App making

Your kid wants to make an app. Start with one useful thing.

A simple guide to helping a child make a first app with blocks, an AI app builder, or basic web code.

CodeDreams Updated July 13, 2026 4 min read

Do not start with a course or a programming language. Start with what the app is meant to do.

An app for the whole school is too much for a first project. A lunch picker for one friend is manageable. It can work with one screen and one button. That is enough to learn from.

Make the idea smaller

Ask your child to finish this sentence: "This app helps someone do one thing."

It might help Dad choose dinner by spinning a wheel. It might help a friend practice capitals with ten questions. It might help the child remember three pet-care jobs. If the idea needs several screens and a long explanation, cut it down again.

There are three simple ways to build it

Blocks are good for a child who wants to see every rule. An AI builder is good for a child who wants to describe an idea and test it quickly. HTML, CSS, and JavaScript are good for an older child who wants to understand the code itself.

None of these is the correct path for every child. Use the one that gets this project moving without hiding the parts your child wants to learn.

Building with blocks

Scratch works well for games, animations, and interactive stories. MIT App Inventor is closer to a phone app. Children place buttons, text, and images on a screen, then join blocks to make them work.

Both tools show the logic clearly. They also take time to learn. That is fine when the child likes building the rules one piece at a time.

Building with AI

An AI app builder can make a first web app from a short description. The child then tries it, points out what is wrong, and asks for one change at a time. The work is still in the choices and the testing. Our guide to vibe coding for kids explains what children learn this way and what the AI can hide.

Many AI coding tools were made for adults. Read the age and account rules before signing up. Replit's current terms say that children under 13 need written parental consent, and a parent is responsible for a minor's activity. Lovable sets its minimum at 18 or the local age of majority, with parent or guardian permission required for younger users. These rules can change, so check the current terms.

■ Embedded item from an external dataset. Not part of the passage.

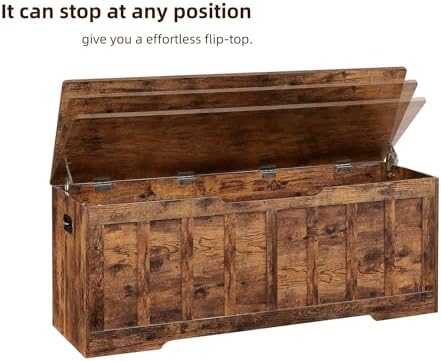VANKILEY 51.2" Storage Chest Extra Large,Wooden Storage Bench,Rustic Brown | Chest with 2 Safety Hinges, 51.2*15.7*19.1inches, Wooden Trunk for Bedroom, Livingroom,Entryway,Easy Assembly.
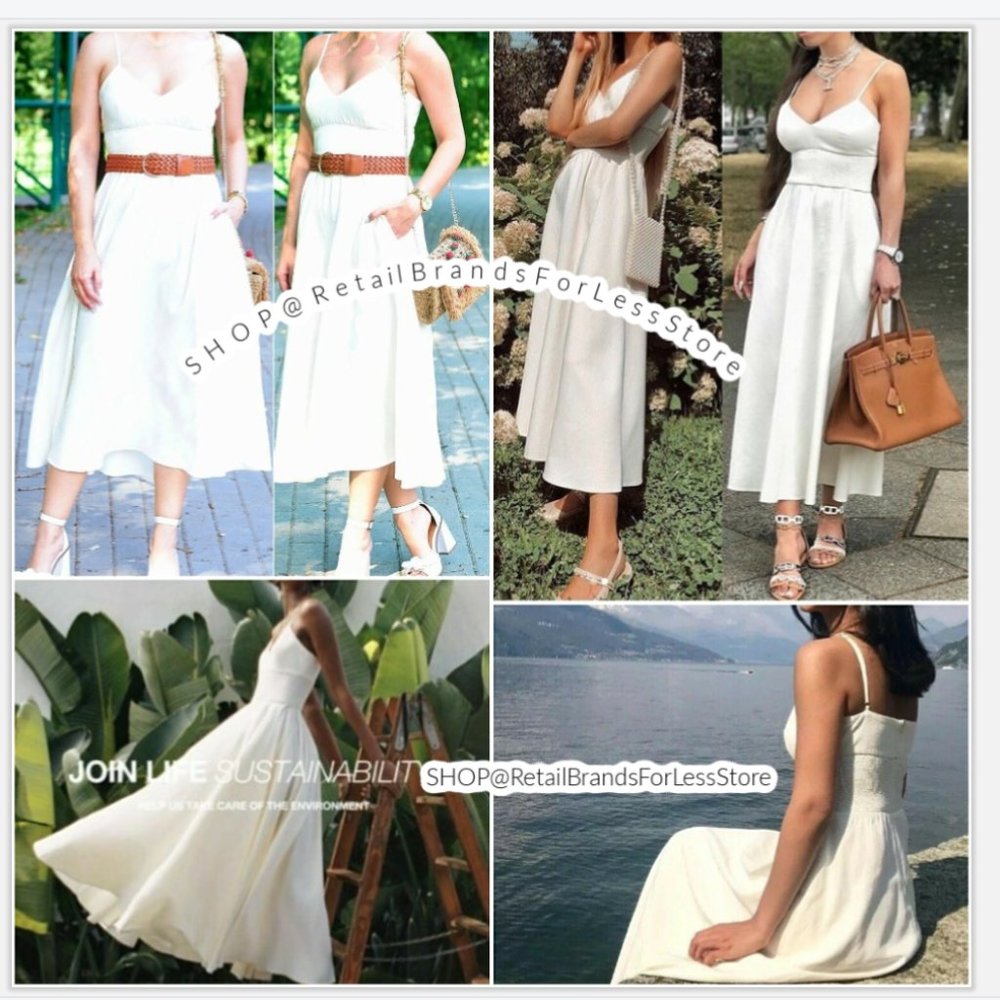 ZARA V NECK LINEN VOLUMINOUS FLOWY MAXI MIDI DRESS - Picture 6 of 14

We make CodeDreams, an AI app builder for kids. It makes web apps rather than native iPhone or Android apps. Children can see the project files and test changes in a live preview. Publishing a shareable link requires a paid plan. It works well for a first quiz, tracker, calculator, game, story, or club page.

Building with web code

HTML, CSS, and JavaScript run in a browser, so they are a practical way to build a small app by hand. Start with one page and one button. Do not begin with a large framework or a complicated setup.

This path takes longer, but it gives the child full control. Choose it when they are asking how the app works, not only when it will be done.

Try this for the first build

  1. Write down who the app is for and the one thing it should do.
  2. Draw the first screen on paper.
  3. Build only the main action. Ignore accounts and settings.
  4. Give it to the person it was made for and watch them use it.
  5. Fix the one thing that confused them most.

Check it before sharing

A first app does not need a child's full name, school, location, schedule, face, or email address. It probably does not need a form that sends information anywhere either.

Decide who should see it. Sending an unlisted link to family is not the same as keeping a project private. Anyone with the link may be able to open it.

Let the first app tell you what comes next

Notice what your child enjoyed. It may be drawing the screen, solving a bug, changing the look, or seeing someone use it. That tells you more than an age chart about what they should try next.

If choosing a project is the hard part, see these app ideas for kids. If they already use Scratch, our guide to what comes after Scratch can help you choose the next tool.

How we checked this

We checked the official starting guides for Scratch and MIT App Inventor, along with the current account terms for Replit and Lovable. CodeDreams is our own product, and we identify it when it appears.